Im Vergleich zum März 2022 stieg der Verbraucherpreisindex im April 2022 um 0,8 %.
Neben den saisonbedingt («Sommerurlaub») gestiegenen Preisen für Pauschalreisen (+17,6 %) zogen insbesondere die Preise für Nahrungsmittel mit +3,6 % spürbar an.
Dabei mussten die Verbraucher vor allem für Speisefette und Speiseöle (+10,2 %) sowie Fleisch und Fleischwaren (+7,1 %) mehr bezahlen.
Den Preisanstiegen standen jedoch Preisrückgänge bei Energieprodukten gegenüber.
Die Energiepreise insgesamt sanken um 3,1 % gegenüber dem Vormonat, deutlich billiger wurden Heizöl (-20,3 %) und Kraftstoffe (-5,7 %).

Inflationsrechner gibt Auskunft über persönliche Inflationsrate:

Mit dem persönlichen Inflationsrechner des Statistischen Bundesamtes können Verbraucher ihre monatlichen Konsumausgaben für einzelne Güterbereiche entsprechend des eigenen Verbrauchsverhaltens anpassen und eine persönliche Inflationsrate berechnen.

Zur Methodik:

Die Maßnahmen zur Einschränkung der Corona-Pandemie führten kaum noch zu Ausfällen bei der monatlichen Preiserhebung.

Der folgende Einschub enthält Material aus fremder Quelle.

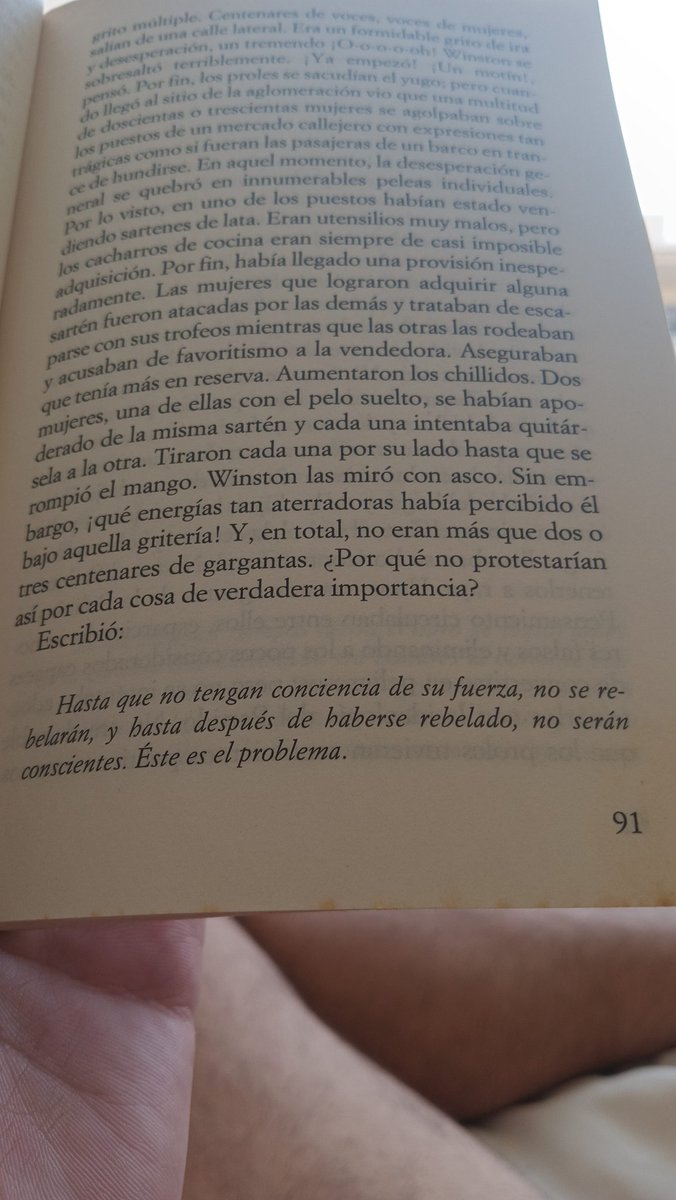 albertogr98's tweet photo. @NataliaVartan Increíble timing estar leyendo esta parte de 1984 justo cuando vuelves a Twitter 😉 https://t.co/UAnrFvvKqK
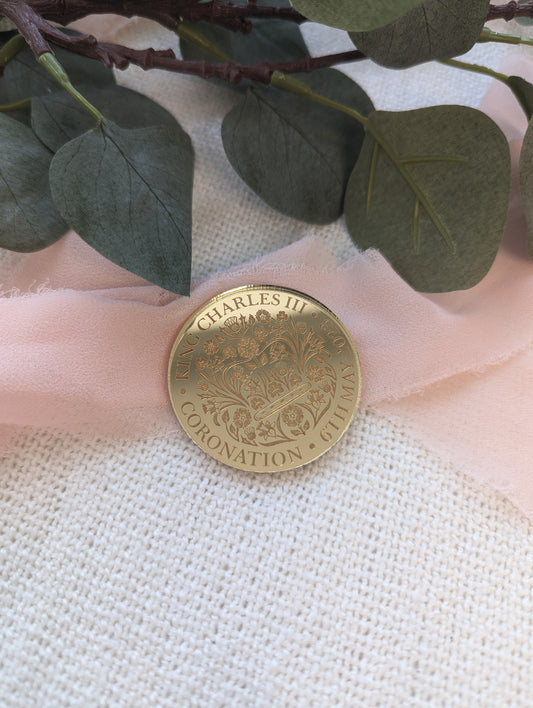 Engraved acrylic cupcake disc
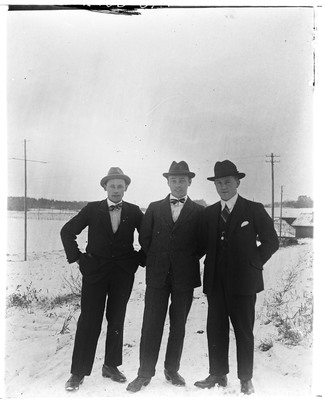 Tre män i vinterlandskap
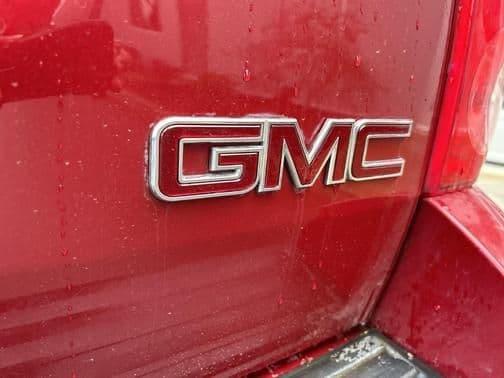 2014 gmc yukon xl 1500 sle in college crest, oregon
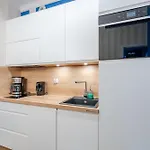 Z Widokiem D607, D408 Basen Fitnes Garaz Bawialnia Parking W Cenie - Nadmorskie Tarasy-kolobrzeg Апартаменты *
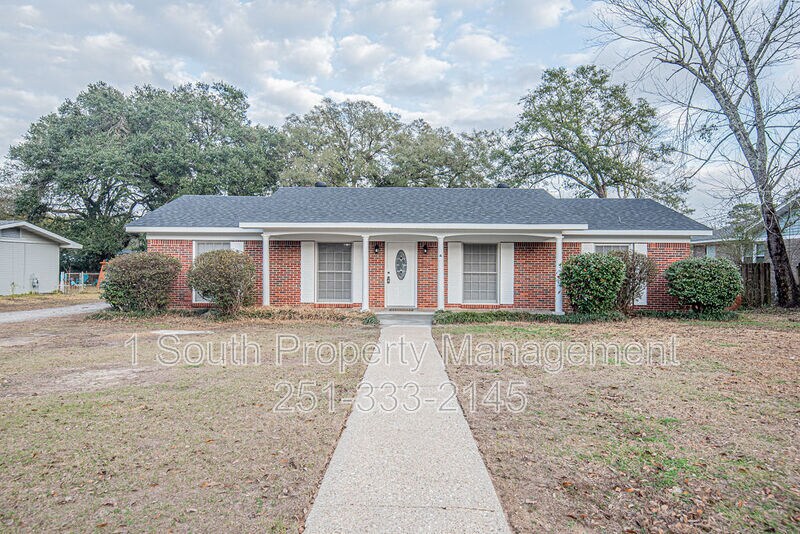 4361 Montclair Cir E in Mobile, AL - Building Photo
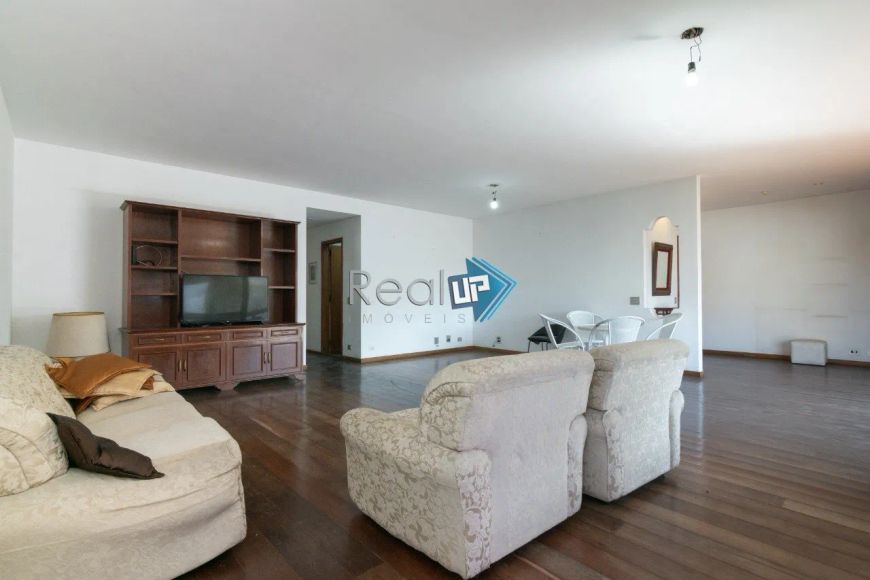 APARTAMENTO NA SEGUNDA QUADRA DA PRAIA NO LEBLON!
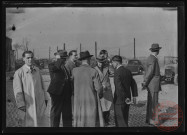 Foire exposition de 1948 - Autorités civiles sur la foire, des véhicules exposés au fond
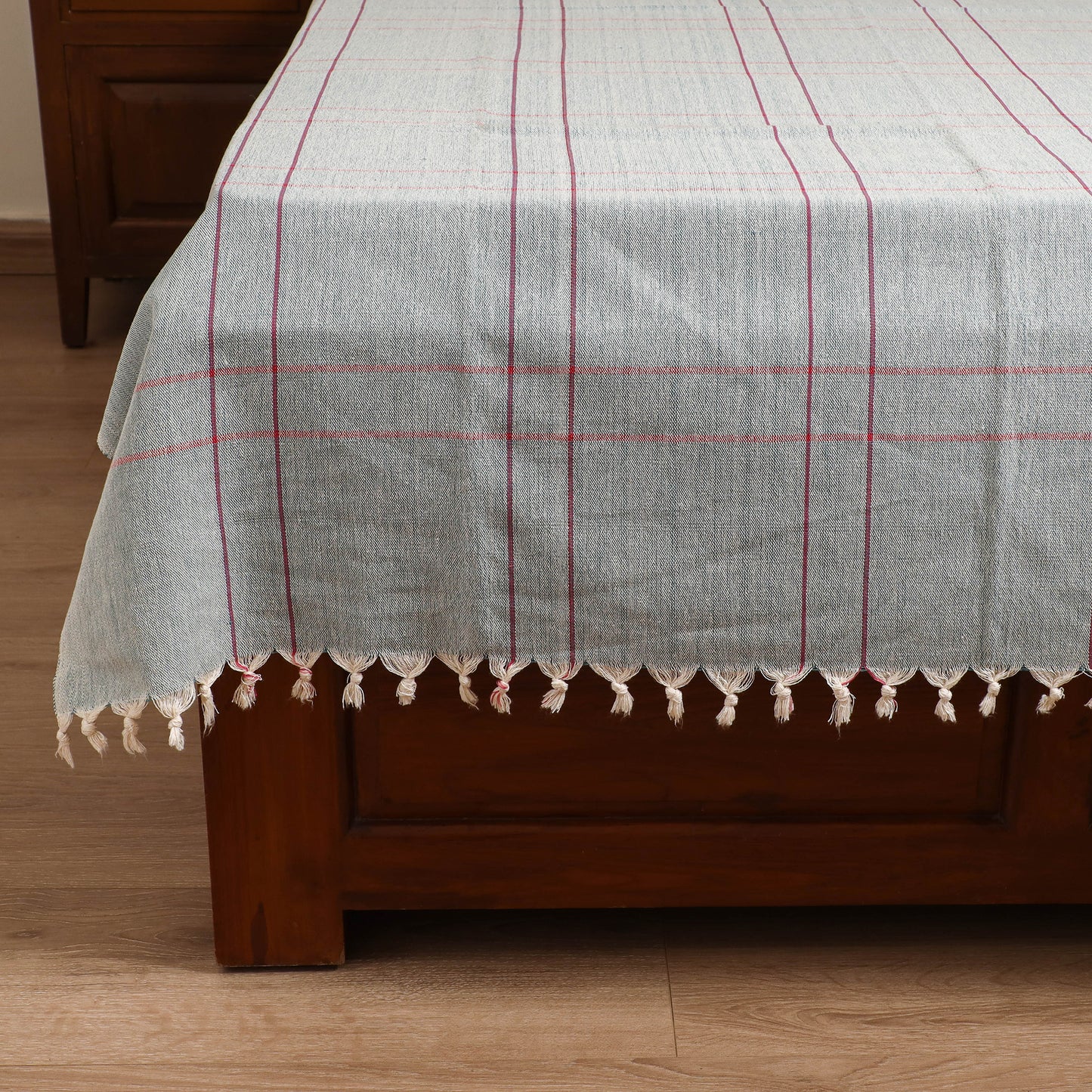 Handloom Cotton Single Bedsheet (90 x 60 in) 246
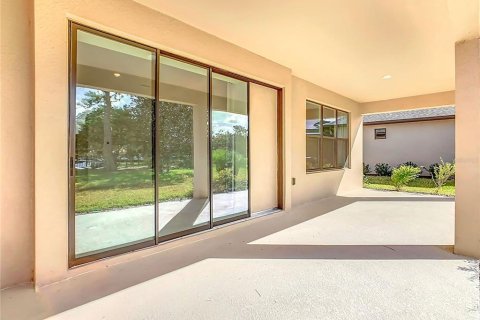 Casa en venta en Kissimmee, Florida, 2 dormitorios, 184.13 m2 № 2383725 - foto 4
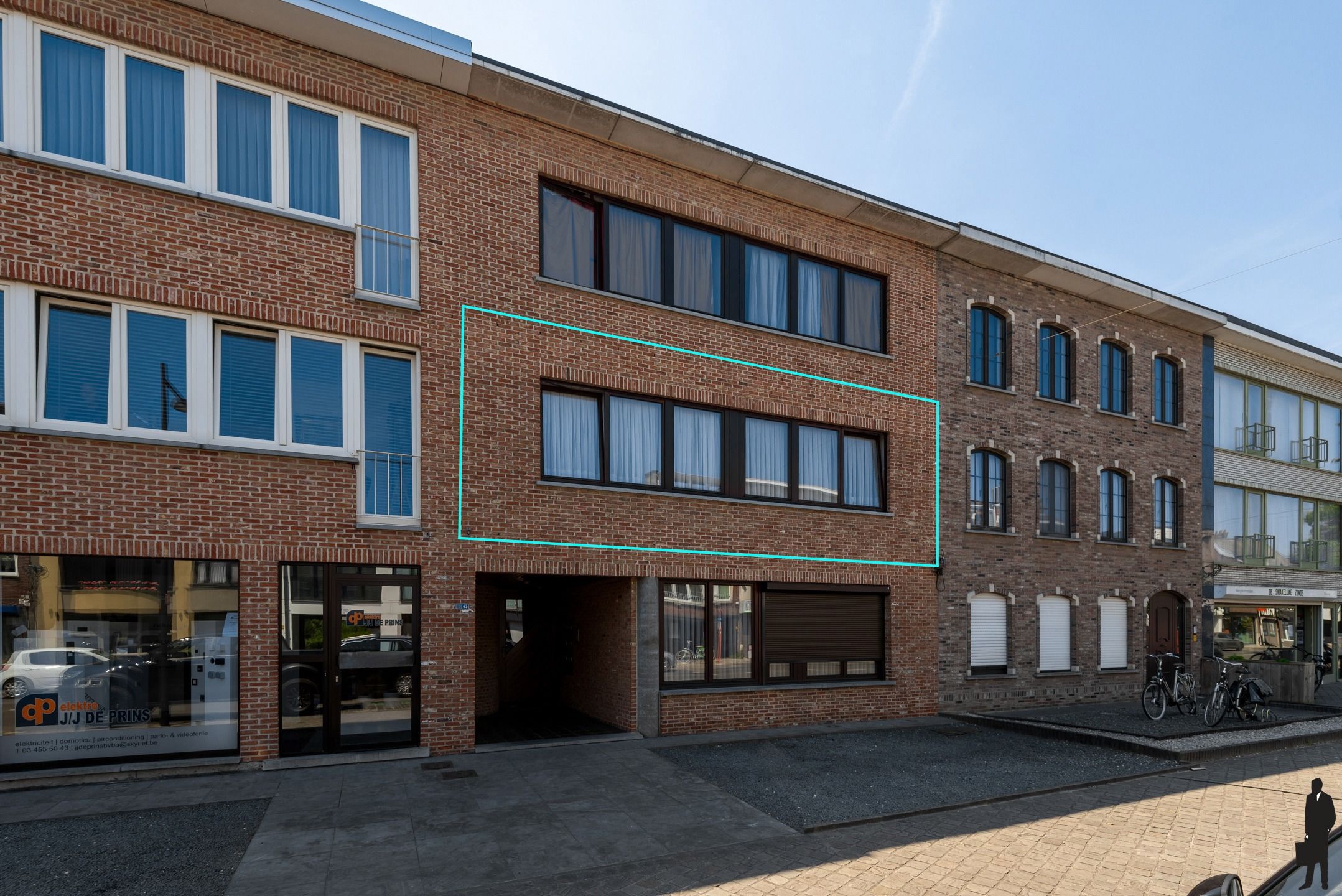 Ruim appartement met 2 slpks, kelderberging en zuid terras foto {{pictureIndex}}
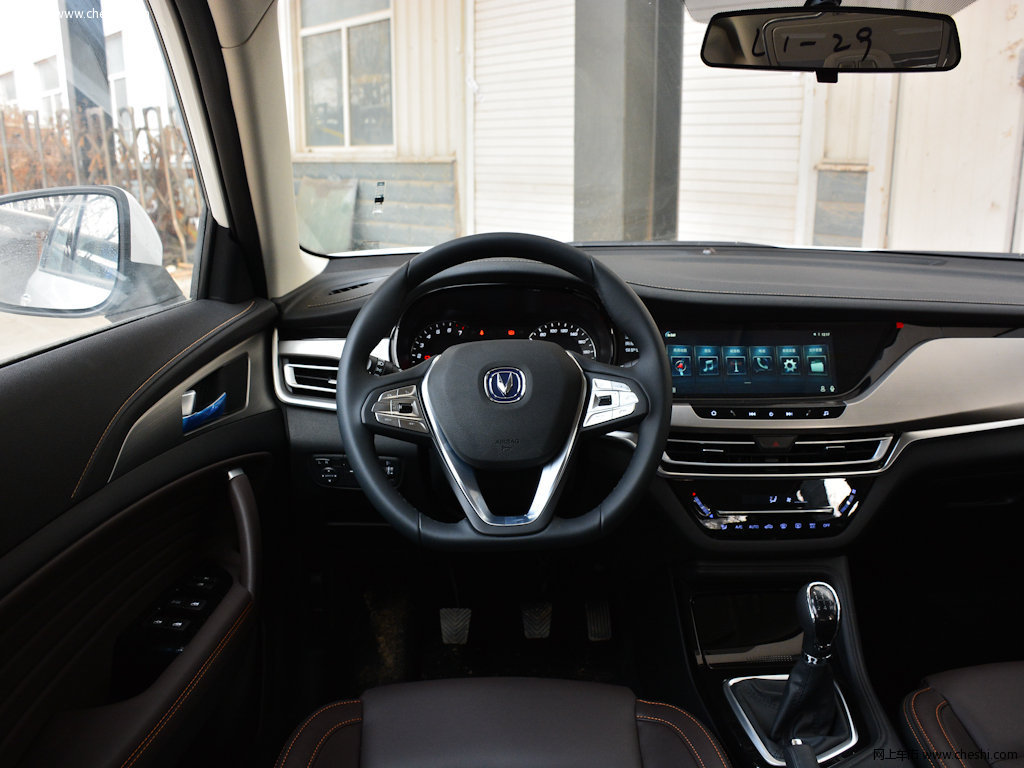 长安cs35 plus 图片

Nähere Informationen dazu enthält ein Methodenpapier. Die Qualität wurde diesbezüglich gewährleistet, vereinzelte Qualitätsabstriche in den Ergebnissen wurden gekennzeichnet. Betroffen sind aktuell noch Veränderungsraten im Vorjahresvergleich.

Die Corona-Pandemie und ihre Folgen für das öffentliche Leben machen zudem eine Änderung des üblichen Vorgehens bei der jährlichen Aktualisierung der Gütergewichte des Harmonisierten Verbraucherpreisindex (HVPI) notwendig. Auch hierzu ist im Internetangebot des Statistischen Bundesamtes ein entsprechendes Methodenpapier verfügbar. Die Aktualisierung der Gütergewichte im HVPI erklärt einen erheblichen Teil der Abweichung zwischen VPI und HVPI für Deutschland.